FEMA Aid Denied for Maryland Residents

Updated:
(Photo: WBOC) (Photo: WBOC)

CRISFIELD, Md. - For Maryland residents, the news was bleak as they learned they would not be receiving individual federal aid in the wake of Superstorm Sandy. Gov. Martin O' Malley will appeal the decision to not allow for the extra money, but for the time being, people in Maryland are on their own.

Crisfield in Somerset County was one of the hardest hit areas in the state when the storm came up the coast.  Residents are still trying their best to recover.  Life-long Crisfield resident Laura Somers said even after she receives insurance money, there are still $3,000-$4,000 she must pay out of pocket to make repairs on her home.

"It comes hard to know you're going to have to pay that much money out of pocket which we don't have," Somers said.

And Somers is not alone.  There are residents throughout the city frustrated and feel they are being overlooked.  Many say a simple trip through the city to see the extent of the damage and the number of condemned houses is a clear indication of how much help is needed in Crisfield.

"Some people are without homes and we have been struggling ever since the hurricane came and we need help. We need help.

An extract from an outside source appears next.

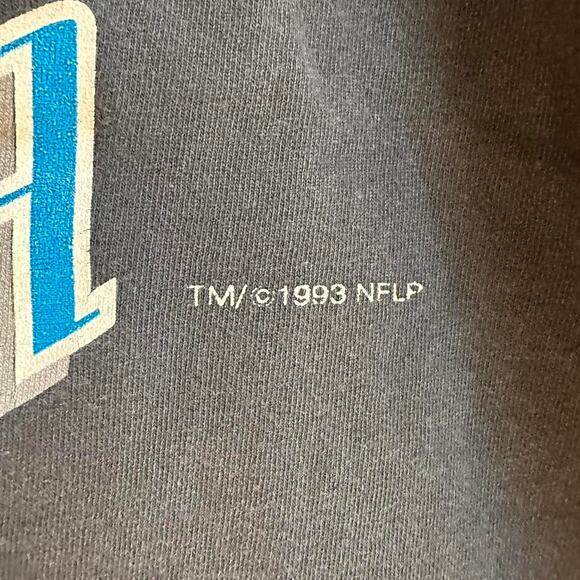 Vintage 1993 Carolina Panthers Shirt - Picture 3 of 7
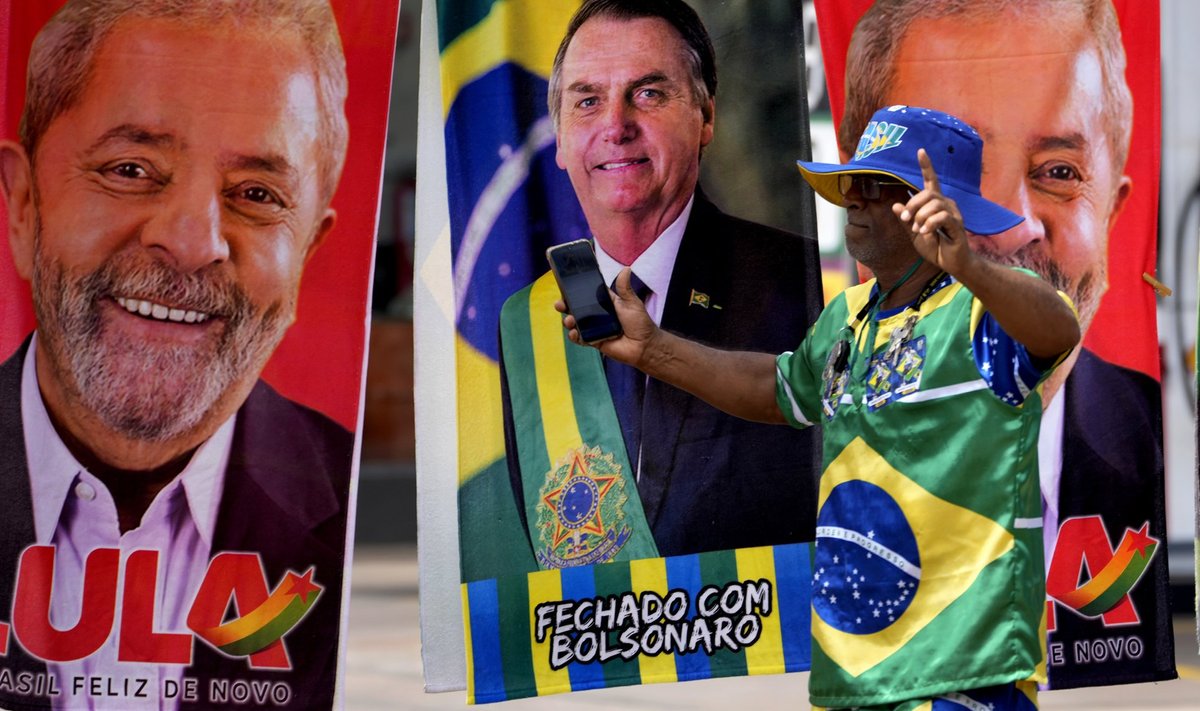 Brasiilia presidendivalimised lõppesid väga tasavägiselt.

We just cannot do it by ourselves," said city resident Venetia Jackson.

City leaders are disappointed as well.  Mayor Percy Purnell said he has spoken to all of the local politicians and believes they are doing all they can for Crisfield and hopes the decision to withhold that FEMA is eventually changed.

"We are a small town in a rural area and you've got to look at the damage that we had, the level of income in this area, which is extremely low and take all of that into consideration," Purnell said.

The mayor says there are still anywhere between 200 and 300 severely damaged homes in Crisfield and anticipates a long winter if people can't get the help they desperately need.